### WHAT IS REQUIRED
Could you please transcribe the data exactly, without the pictures?

### SUPPLIED RECORDS

-- Opening Marker --

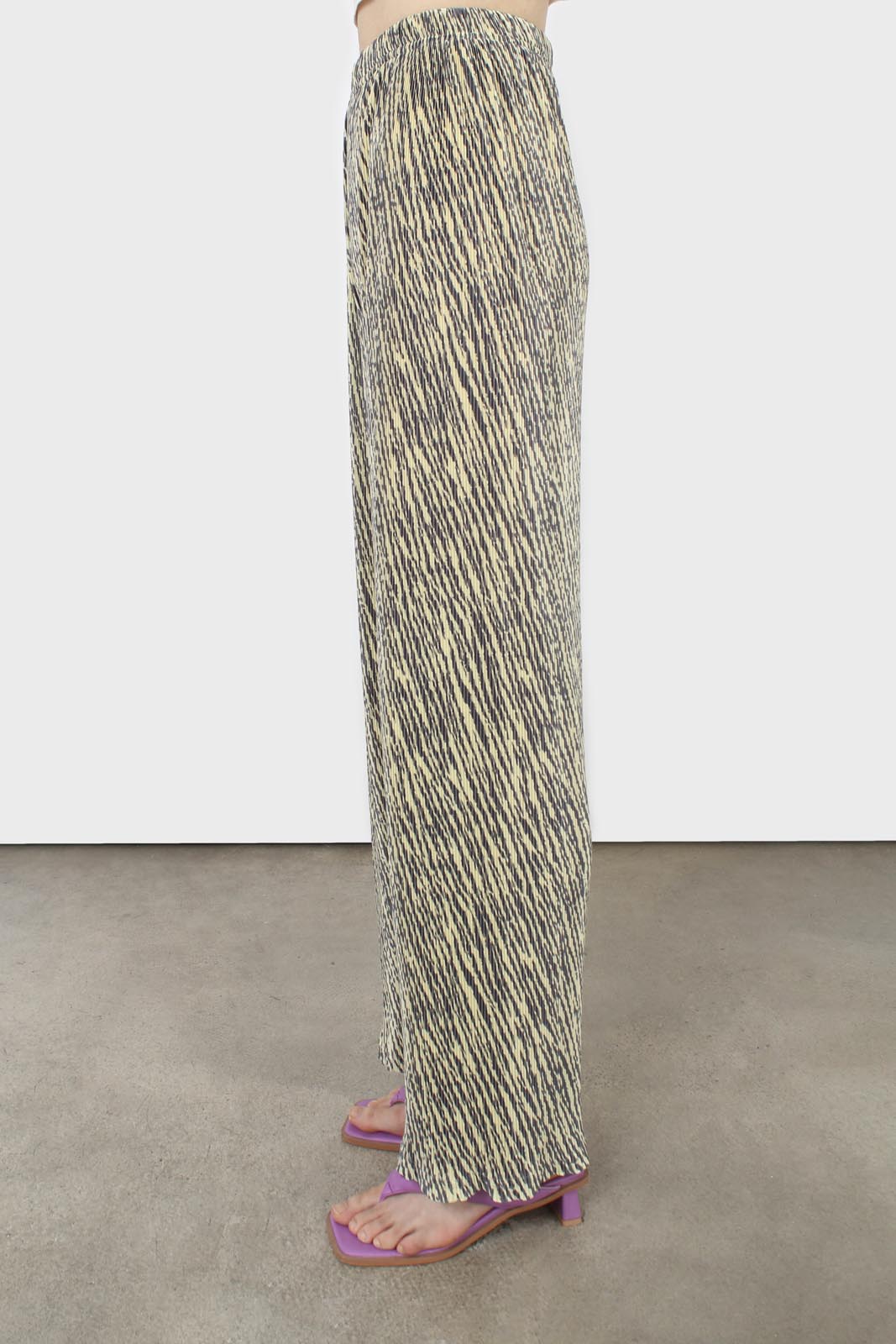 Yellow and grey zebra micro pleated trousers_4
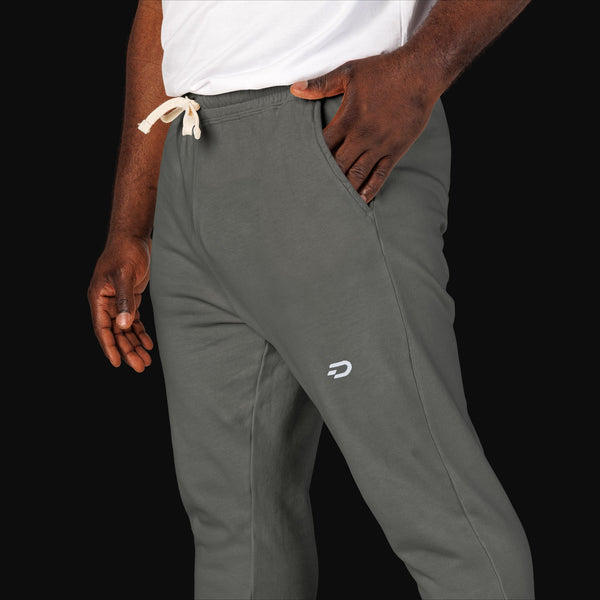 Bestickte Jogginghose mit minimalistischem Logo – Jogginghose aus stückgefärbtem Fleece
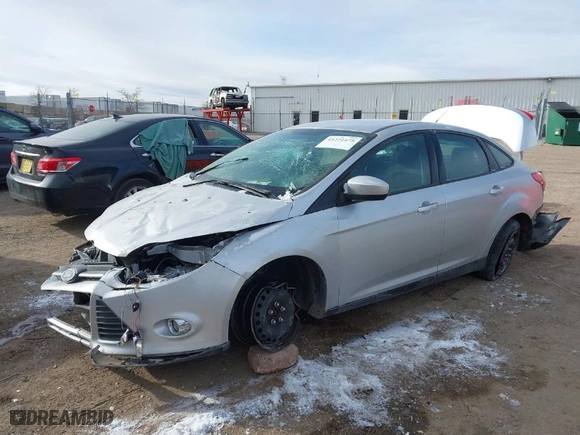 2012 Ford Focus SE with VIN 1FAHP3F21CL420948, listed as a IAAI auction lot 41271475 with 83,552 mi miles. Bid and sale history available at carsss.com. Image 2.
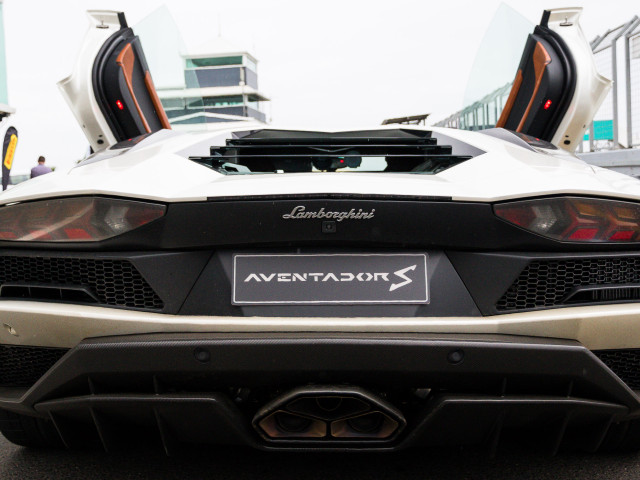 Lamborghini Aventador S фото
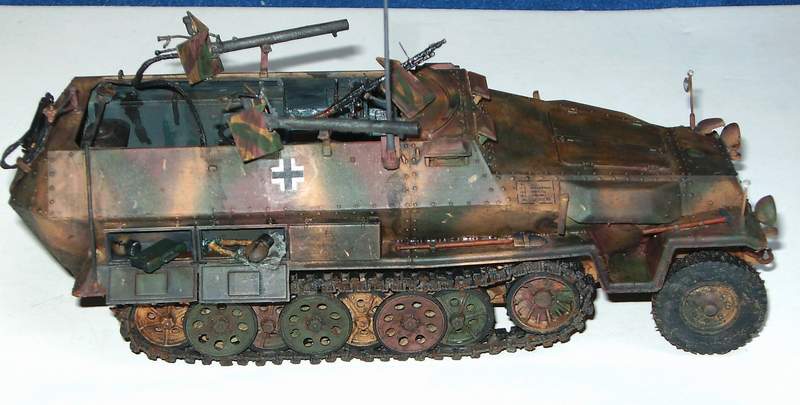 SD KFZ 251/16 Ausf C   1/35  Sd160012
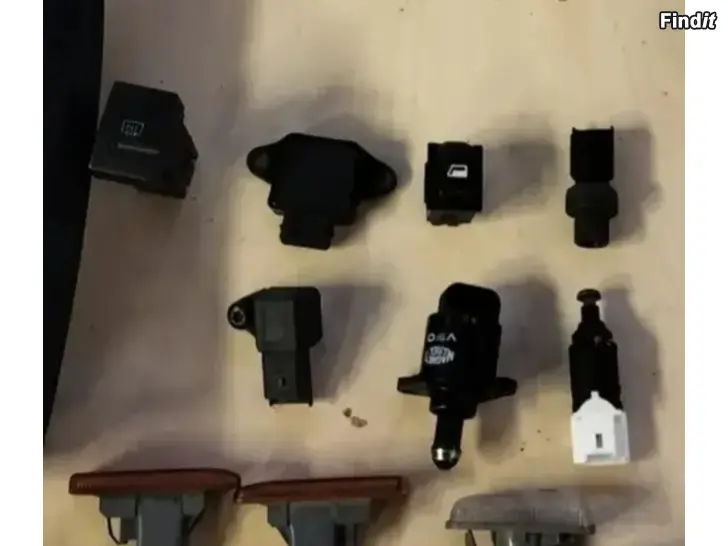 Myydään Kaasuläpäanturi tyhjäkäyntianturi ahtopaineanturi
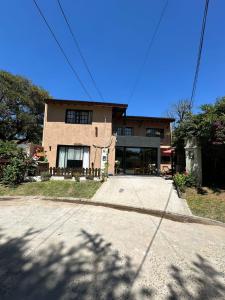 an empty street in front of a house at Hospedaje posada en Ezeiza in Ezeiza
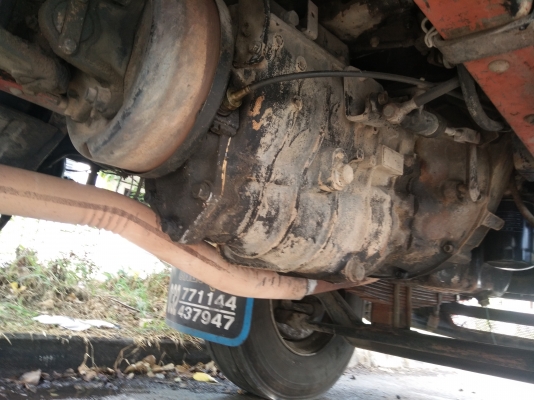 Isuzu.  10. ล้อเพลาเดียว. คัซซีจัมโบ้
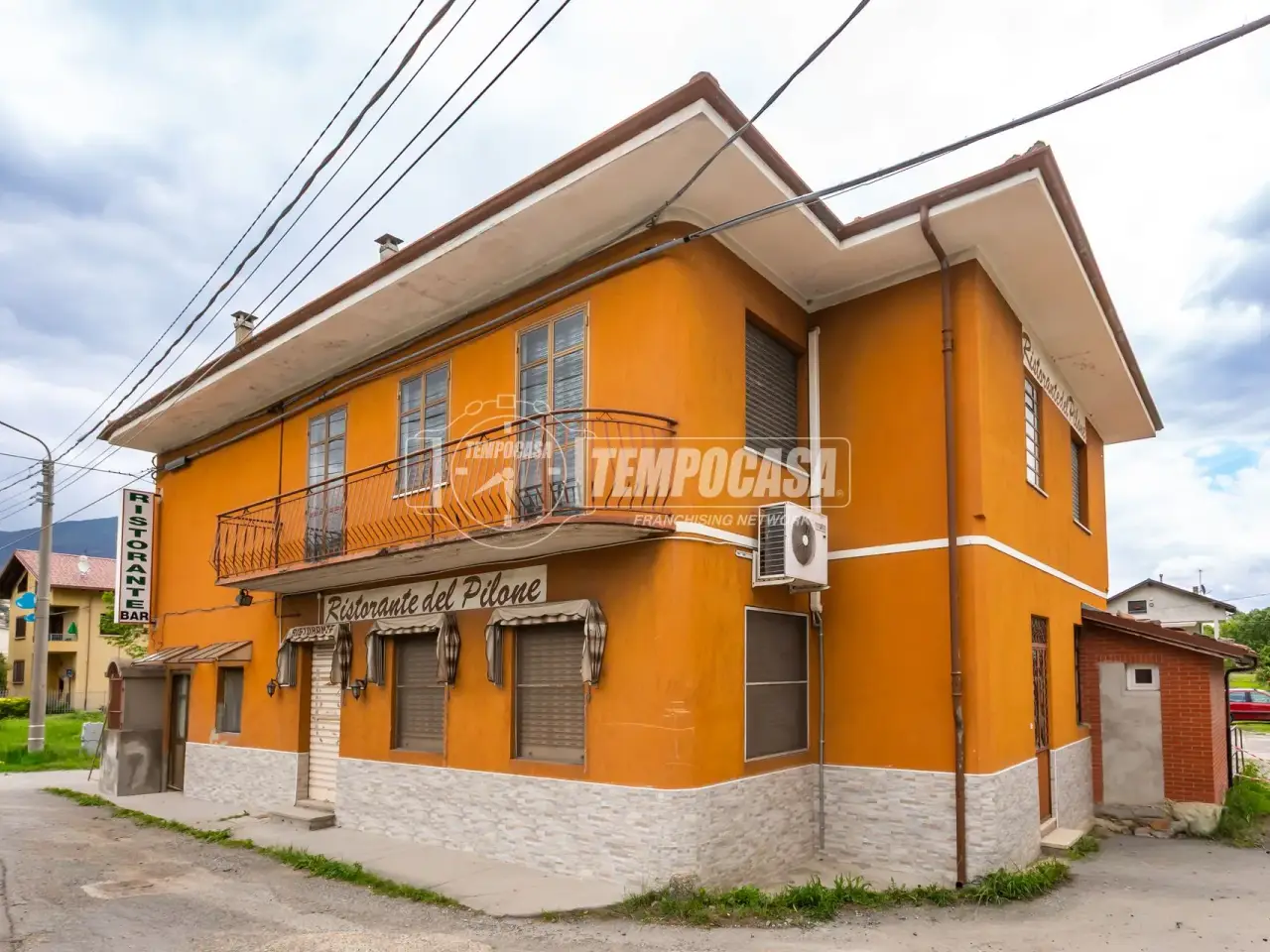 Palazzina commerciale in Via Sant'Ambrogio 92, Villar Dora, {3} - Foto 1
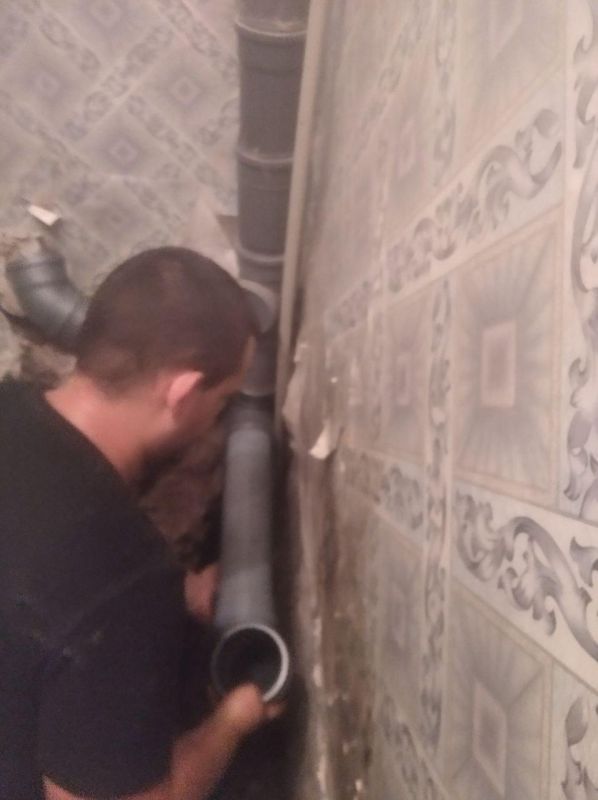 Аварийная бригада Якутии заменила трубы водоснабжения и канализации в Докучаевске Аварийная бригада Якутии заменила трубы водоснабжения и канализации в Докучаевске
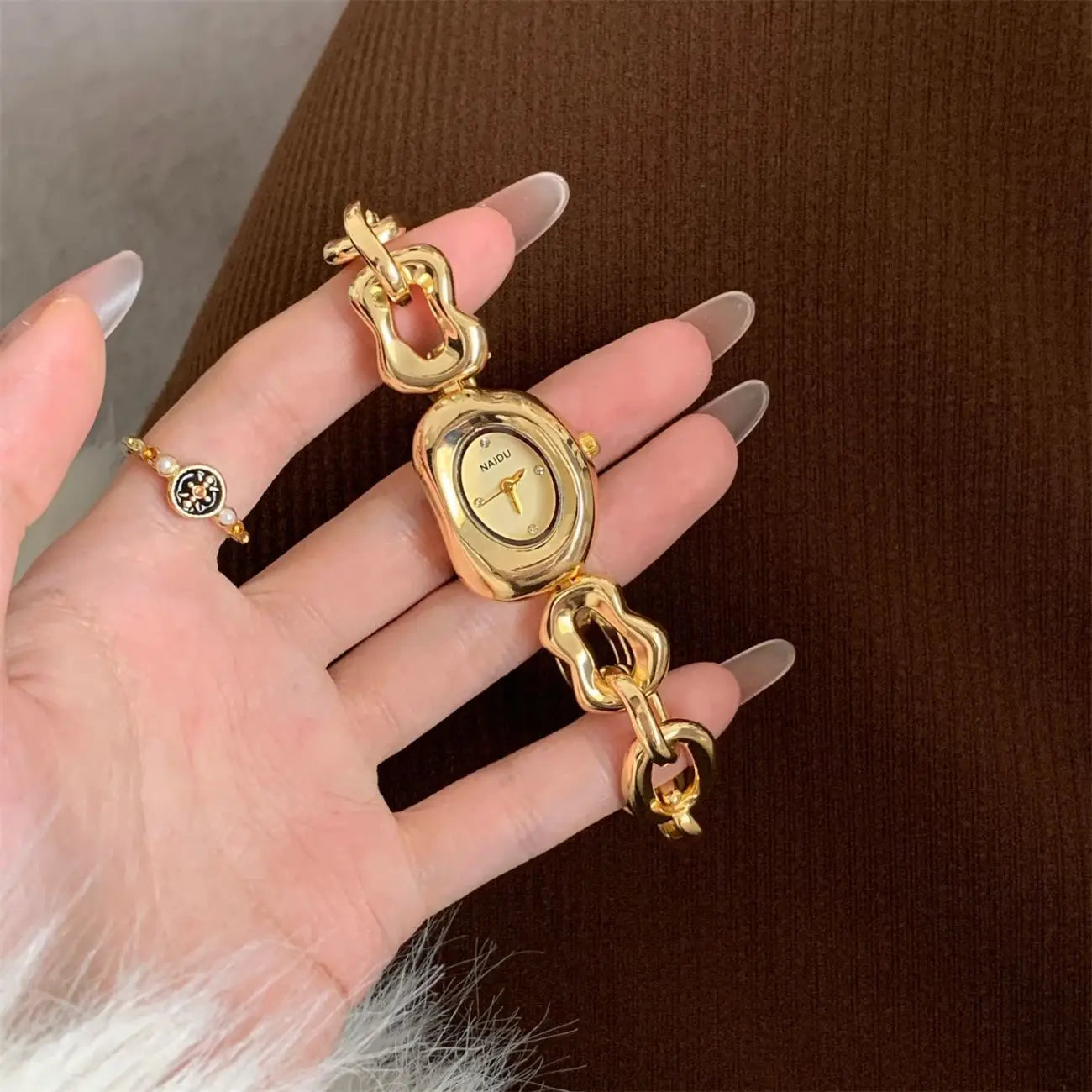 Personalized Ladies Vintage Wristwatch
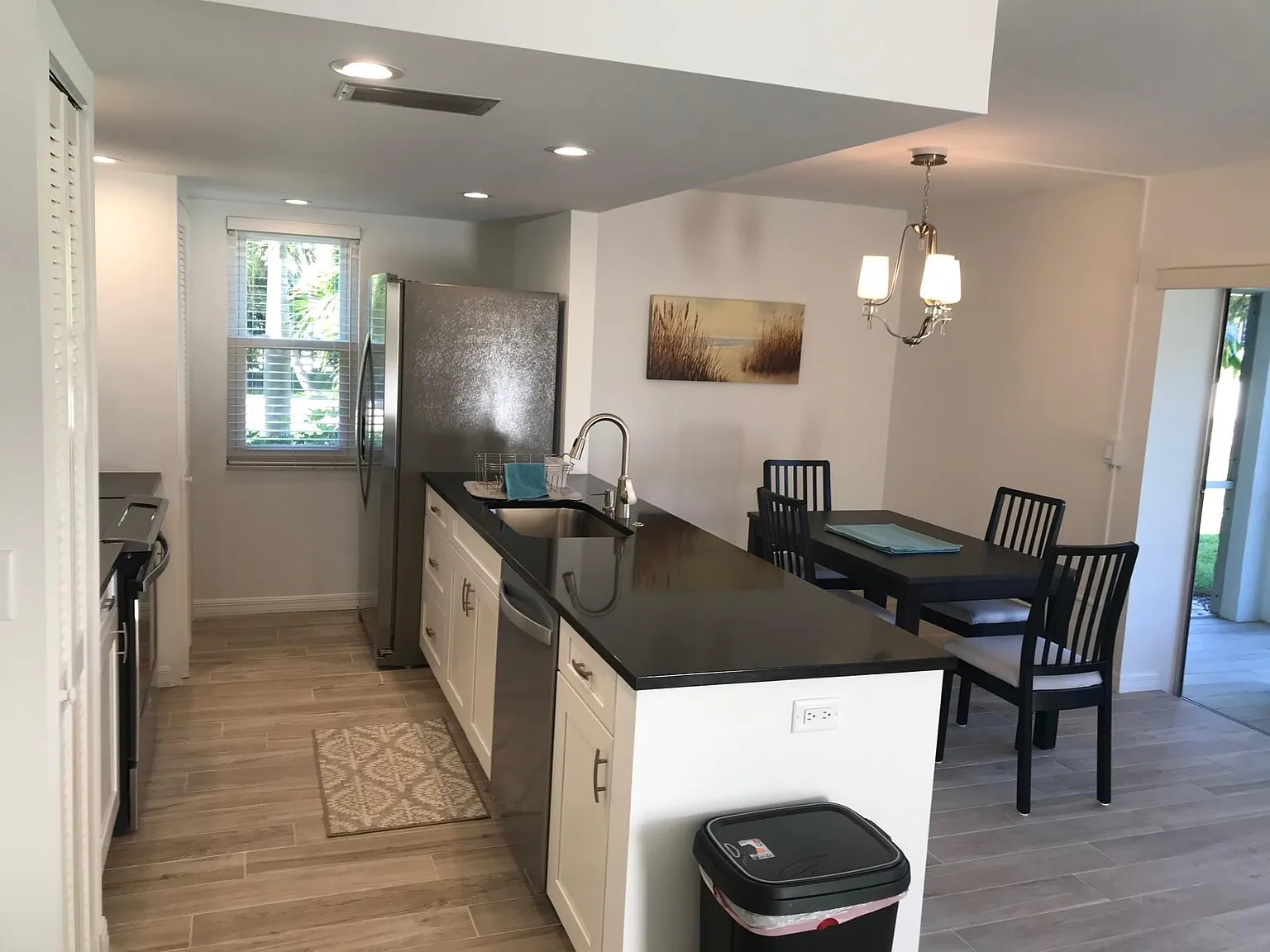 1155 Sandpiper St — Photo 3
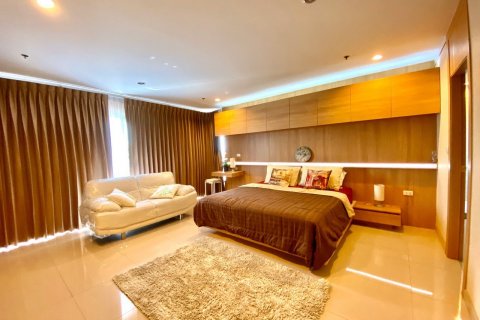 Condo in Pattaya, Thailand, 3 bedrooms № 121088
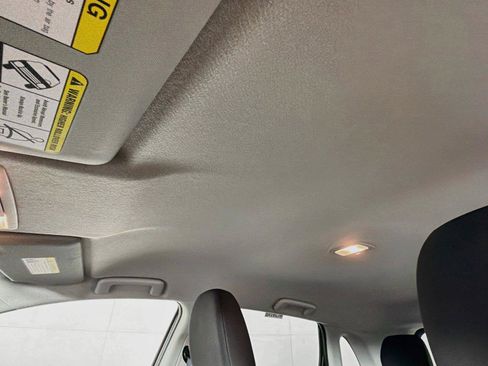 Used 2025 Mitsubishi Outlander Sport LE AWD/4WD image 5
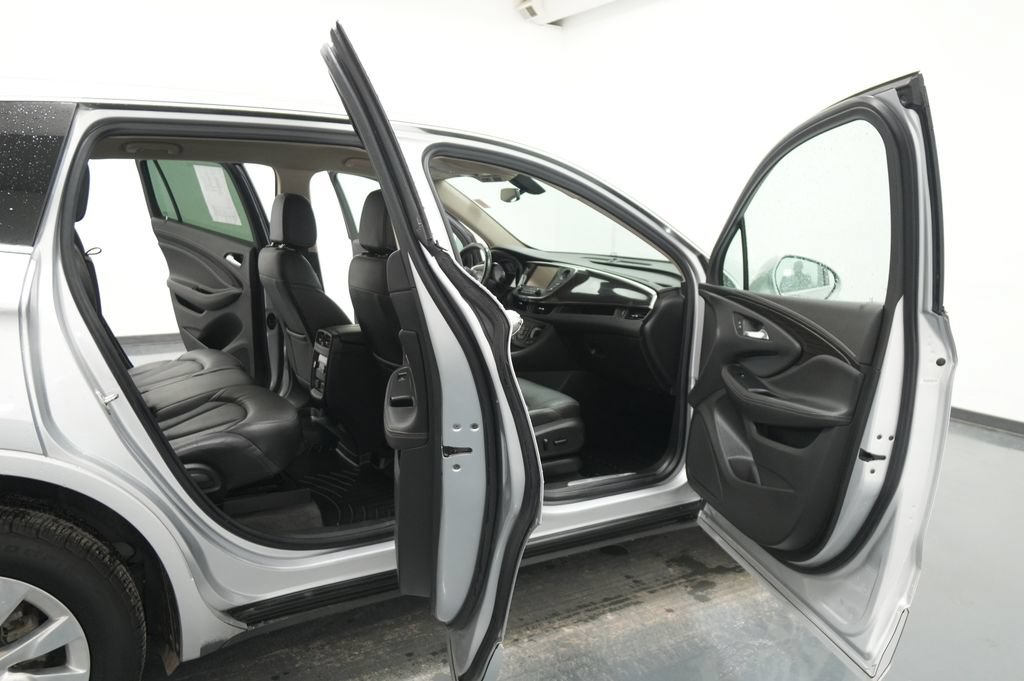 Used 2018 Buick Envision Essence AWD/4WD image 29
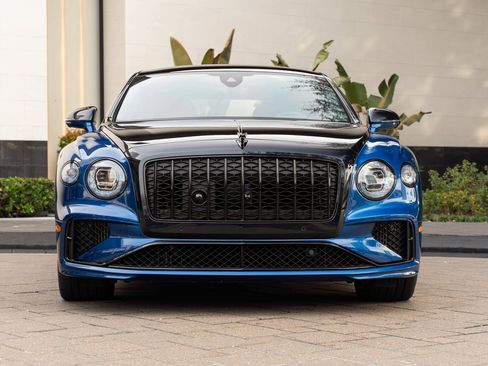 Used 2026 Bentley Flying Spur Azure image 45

-- Closing Marker --

### EXERCISE SOLUTION
 Yellow and grey zebra micro pleated trousers_4
 Bestickte Jogginghose mit minimalistischem Logo – Jogginghose aus stückgefärbtem Fleece
 2012 Ford Focus SE with VIN 1FAHP3F21CL420948, listed as a IAAI auction lot 41271475 with 83,552 mi miles. Bid and sale history available at carsss.com. Image 2.
 Lamborghini Aventador S фото
 SD KFZ 251/16 Ausf C   1/35  Sd160012
 Myydään Kaasuläpäanturi tyhjäkäyntianturi ahtopaineanturi
 an empty street in front of a house at Hospedaje posada en Ezeiza in Ezeiza
 Isuzu.  10. ล้อเพลาเดียว. คัซซีจัมโบ้
 Palazzina commerciale in Via Sant'Ambrogio 92, Villar Dora, {3} - Foto 1
 Аварийная бригада Якутии заменила трубы водоснабжения и канализации в Докучаевске Аварийная бригада Якутии заменила трубы водоснабжения и канализации в Докучаевске
 Personalized Ladies Vintage Wristwatch
 1155 Sandpiper St — Photo 3
 Condo in Pattaya, Thailand, 3 bedrooms № 121088
 Used 2025 Mitsubishi Outlander Sport LE AWD/4WD image 5
 Used 2018 Buick Envision Essence AWD/4WD image 29
 Used 2026 Bentley Flying Spur Azure image 45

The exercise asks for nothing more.